- GIVEN RECORDS:
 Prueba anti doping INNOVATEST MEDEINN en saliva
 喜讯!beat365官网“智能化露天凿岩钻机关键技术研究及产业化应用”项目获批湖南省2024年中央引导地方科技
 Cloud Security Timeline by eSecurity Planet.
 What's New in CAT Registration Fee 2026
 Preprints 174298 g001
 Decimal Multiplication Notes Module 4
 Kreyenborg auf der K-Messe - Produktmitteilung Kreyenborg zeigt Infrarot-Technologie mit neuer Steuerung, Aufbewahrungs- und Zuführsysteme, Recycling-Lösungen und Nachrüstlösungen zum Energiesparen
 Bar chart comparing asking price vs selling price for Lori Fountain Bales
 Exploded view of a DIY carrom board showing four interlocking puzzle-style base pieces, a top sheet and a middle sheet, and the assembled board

- WHAT TO WORK ON: Please return exactly the lines that run from the line with "Cloud Security Timeline by eSecurity Planet." through the end of the records above, both included, and nothing more.

- RESULT:
 Cloud Security Timeline by eSecurity Planet.
 What's New in CAT Registration Fee 2026
 Preprints 174298 g001
 Decimal Multiplication Notes Module 4
 Kreyenborg auf der K-Messe - Produktmitteilung Kreyenborg zeigt Infrarot-Technologie mit neuer Steuerung, Aufbewahrungs- und Zuführsysteme, Recycling-Lösungen und Nachrüstlösungen zum Energiesparen
 Bar chart comparing asking price vs selling price for Lori Fountain Bales
 Exploded view of a DIY carrom board showing four interlocking puzzle-style base pieces, a top sheet and a middle sheet, and the assembled board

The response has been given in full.